Historia #1: Londyn

214 7 6
                                    


Pobudka o 4 rano. Tata zajrzał do mojego pokoju

- Nie pożegnałaś się z M.

Spojrzałam na niego zaspanym, ale przerażonym wzrokiem. Matko kochana, no bo nie dość, że zgubiłam kartę wstępu do muzeów wartą grube pieniądze w funtach (która bynajmniej nie była moja, tylko siostry M.), to jeszcze nie pożegnałam się z samą M. Po prostu - poszłam spać zaaferowana wylotem z samego rana i tym, czy moja walizka go w ogóle przetrwa.

- To ona nie wstaje razem z nami? Przecież ma na rano do pracy... - odparłam, mając nadzieję że mnie to jeszcze uratuje. Było mi głupio. Znowu.

- Nie, wstaje dopiero po naszym wyjściu. - Tata wyszedł, rzucając krótkie spojrzenie w moim kierunku. Czy był zły? Nie wiem i chyba nie chcę wiedzieć.

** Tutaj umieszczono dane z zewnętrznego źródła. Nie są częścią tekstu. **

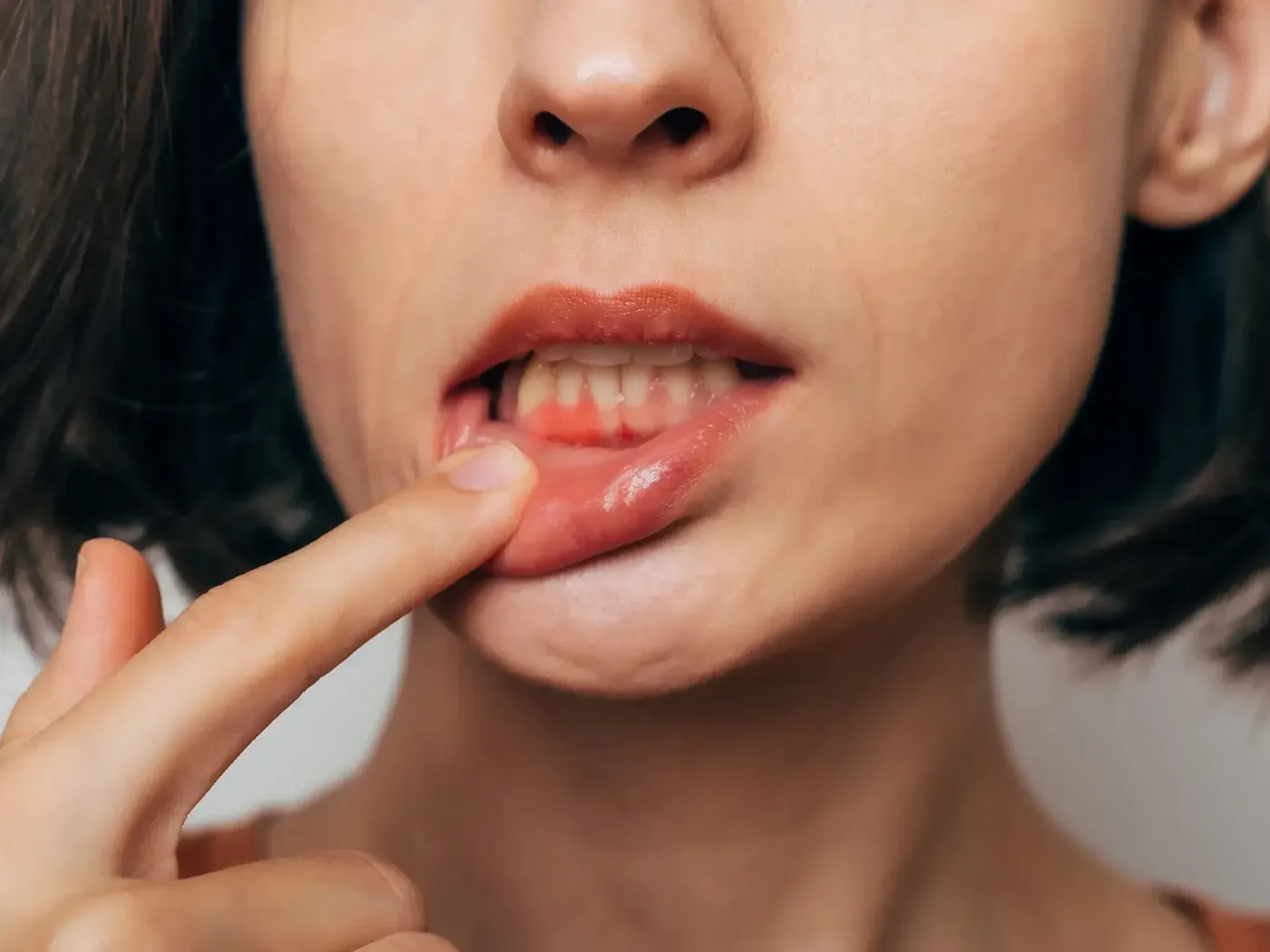 Patient discussing gum health with the dental team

Rzuciłam pod nosem krótkie "szlag", które wyrażało w tamtym momencie wszystkie uczucia, które mną targały. No bo nie dość, że karta, to jeszcze się nie pożegnałam, mogłam nie wyrobić się na samolot i jeszcze miałam głupią miesiączkę. No jak na złość.

Napisałam list do M. Krótki, pożegnalny i z dużą ilością "przepraszam" w treści. Może się nie obraziła? Nie wiem, nie rozmawiałam z nią od tamtego momentu...

Potem szybko - nawet się nie malowałam. Darowałam sobie szarpanie się z zapinaniem wyładowaną po brzegi walizką. Przez małą szparę dopchałam do niej tylko piżamę, ręcznik i szczoteczkę do zębów.

- Wiesz co tato? - mruknęłam stojąc nad moim dobytkiem - Mam nadzieję, że się nie rozpadnie. Bo wygląda tak, jakby chciała...

Zaśmiał się tylko i poszedł do samochodu.

No dobra, to teraz tylko zostało wtaszczyć te bardzodużokilogramów po wąskich schodach. Buty na obcasie i sweter podszyty futerkiem wcale w tym nie pomagały. I naderwana rączka w walizce też nie. Chrzaniłam się z tym, tracąc równowagę, chyba z pięć minut. Ale wciągnęłam to bydlę na sam szczyt schodów. I nawet udało mi się ją zapakować do samochodu. Z natury wredna jestem, więc rzuciłam tacie krótkie "dzięki za pomoc" i zajęłam miejsce obok kierowcy. To była jakaś kara za grzechy? Na szczęście nie skomentował.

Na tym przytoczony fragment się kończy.